#### [Task to carry out]
Write out each entry once more so that it matches the original exactly.

#### [Records excerpted from a collection]
────────────────────────────────────────

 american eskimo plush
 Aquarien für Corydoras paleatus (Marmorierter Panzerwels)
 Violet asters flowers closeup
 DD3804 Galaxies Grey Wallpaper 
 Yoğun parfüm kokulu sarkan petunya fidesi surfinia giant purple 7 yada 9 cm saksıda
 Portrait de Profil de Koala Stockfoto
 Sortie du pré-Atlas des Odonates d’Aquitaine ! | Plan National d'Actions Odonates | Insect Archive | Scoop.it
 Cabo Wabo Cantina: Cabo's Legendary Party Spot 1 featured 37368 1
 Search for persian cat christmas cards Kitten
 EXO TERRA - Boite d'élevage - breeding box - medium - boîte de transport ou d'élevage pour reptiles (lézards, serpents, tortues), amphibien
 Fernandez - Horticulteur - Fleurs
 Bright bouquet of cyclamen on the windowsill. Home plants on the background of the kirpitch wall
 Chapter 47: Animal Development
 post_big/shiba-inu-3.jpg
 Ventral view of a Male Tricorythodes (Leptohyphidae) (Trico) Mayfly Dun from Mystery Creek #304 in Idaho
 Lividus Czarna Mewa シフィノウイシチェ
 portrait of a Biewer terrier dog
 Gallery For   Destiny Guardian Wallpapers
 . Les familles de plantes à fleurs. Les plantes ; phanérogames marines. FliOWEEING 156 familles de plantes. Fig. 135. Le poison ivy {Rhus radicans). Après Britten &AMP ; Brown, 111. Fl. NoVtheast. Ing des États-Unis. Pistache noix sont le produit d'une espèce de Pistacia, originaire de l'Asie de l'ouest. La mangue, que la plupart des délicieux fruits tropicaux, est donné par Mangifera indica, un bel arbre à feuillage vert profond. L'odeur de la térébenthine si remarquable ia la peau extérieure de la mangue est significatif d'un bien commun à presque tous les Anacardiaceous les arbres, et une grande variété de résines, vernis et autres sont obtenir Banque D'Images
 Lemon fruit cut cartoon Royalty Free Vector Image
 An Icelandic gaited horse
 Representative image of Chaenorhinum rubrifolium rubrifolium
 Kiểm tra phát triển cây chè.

────────────────────────────────────────

#### [Output of the task]
 american eskimo plush
 Aquarien für Corydoras paleatus (Marmorierter Panzerwels)
 Violet asters flowers closeup
 DD3804 Galaxies Grey Wallpaper 
 Yoğun parfüm kokulu sarkan petunya fidesi surfinia giant purple 7 yada 9 cm saksıda
 Portrait de Profil de Koala Stockfoto
 Sortie du pré-Atlas des Odonates d’Aquitaine ! | Plan National d'Actions Odonates | Insect Archive | Scoop.it
 Cabo Wabo Cantina: Cabo's Legendary Party Spot 1 featured 37368 1
 Search for persian cat christmas cards Kitten
 EXO TERRA - Boite d'élevage - breeding box - medium - boîte de transport ou d'élevage pour reptiles (lézards, serpents, tortues), amphibien
 Fernandez - Horticulteur - Fleurs
 Bright bouquet of cyclamen on the windowsill. Home plants on the background of the kirpitch wall
 Chapter 47: Animal Development
 post_big/shiba-inu-3.jpg
 Ventral view of a Male Tricorythodes (Leptohyphidae) (Trico) Mayfly Dun from Mystery Creek #304 in Idaho
 Lividus Czarna Mewa シフィノウイシチェ
 portrait of a Biewer terrier dog
 Gallery For   Destiny Guardian Wallpapers
 . Les familles de plantes à fleurs. Les plantes ; phanérogames marines. FliOWEEING 156 familles de plantes. Fig. 135. Le poison ivy {Rhus radicans). Après Britten &AMP ; Brown, 111. Fl. NoVtheast. Ing des États-Unis. Pistache noix sont le produit d'une espèce de Pistacia, originaire de l'Asie de l'ouest. La mangue, que la plupart des délicieux fruits tropicaux, est donné par Mangifera indica, un bel arbre à feuillage vert profond. L'odeur de la térébenthine si remarquable ia la peau extérieure de la mangue est significatif d'un bien commun à presque tous les Anacardiaceous les arbres, et une grande variété de résines, vernis et autres sont obtenir Banque D'Images
 Lemon fruit cut cartoon Royalty Free Vector Image
 An Icelandic gaited horse
 Representative image of Chaenorhinum rubrifolium rubrifolium
 Kiểm tra phát triển cây chè.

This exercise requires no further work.